Today marks the thousandth day of Julian Assange’s detention, 440 of which have been spent in the Ecuadorian embassy in London, the rest under house arrest.
In 2010, Julian Assange, founder and editor of Wikileaks published half a million top secret documents that had been leaked from the Pentagon, many included explicit details of the murder of civilians in Iraq and Afghanistan by US armed forces.
The documents caused such embarrassment to the US government that they have since initiated a federal criminal investigation against Assange and other Wikileaks staff on the grounds of espionage. The US authorities are presently seeking extradition of Assange for trial before a grand jury.
In 2010, the Swedish authorities began a separate investigation against Assange for Sexual Assault. Through the UK police force they sought to arrest and extradite him to Sweden to face trial. Assange spent the two years hence under house arrest while fighting his extradition in courts which he eventually lost in 2012.

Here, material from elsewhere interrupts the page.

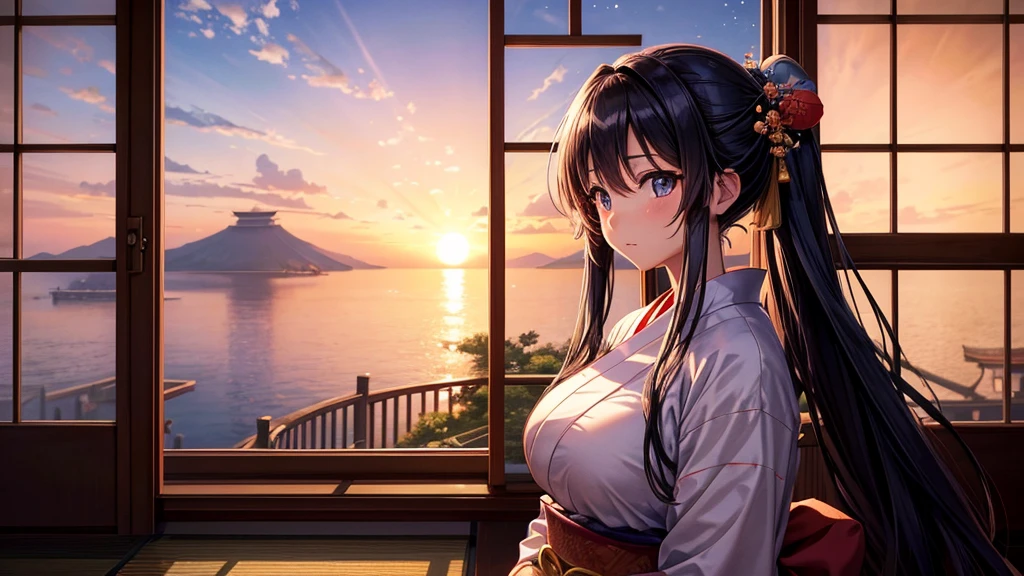 anime、Cinematic、A beautiful girl with long hair and big breasts wearing a yukata、Looking out the window at the sunset。The room is a Japanese-style room.、It creates a calm and peaceful atmosphere。The images are of high quality and highly detailed.、I can see the scenery outside the window。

Assange took refuge in the Ecuadorian Embassy on the 19th June 2012 to seek asylum from the Ecuadorian Government fearing political persecution from the US government and possible extradition to the US later down the line. The Ecuadorian government said:
“The Government of Ecuador believes that these arguments lend support to the fears of Julian Assange, and it believes that he may become a victim of political persecution, as a result of his dedicated defence of freedom of expression and freedom of press as well as his repudiation of the abuses of power in certain countries, and that these facts suggest that Mr Assange could at any moment find himself in a situation likely to endanger life, safety or personal integrity.”
UK forces are prohibited from entering the embassy with the intention of detaining Assange under the Vienna Conventions and have refused to allow Assange safe passage from the embassy to Ecuador, stating that Mr Assange will be detained the moment he exits the building.
As the detention is self initiated asylum, the situation is neither simple nor clear cut. The Ecuadorian government has made attempts to facilitate interviews between Swedish authorities and Mr Assange on their premises under the strict proviso that Mr Assange will be protected from the United States. The Swedish Government refused.
In an age where our data is increasingly in the public domain, protection of that data becomes ever more important. The fight for liberty in the digital age, is more important than it ever has been.
We have seen the likes of Manning, Snowden and Assange heavily persecuted for blowing the whistle on the grotesque violations of our privacy by our governments. Manning was imprisoned for 35 years. Snowden was de-facto exiled awaiting imprisonment should he return. Assange is an international refugee.
These three individuals are heroes of the information age. We must not forget what they have sacrificed to highlight our governments abuses of our freedom. We cannot allow their sacrifices to be vein.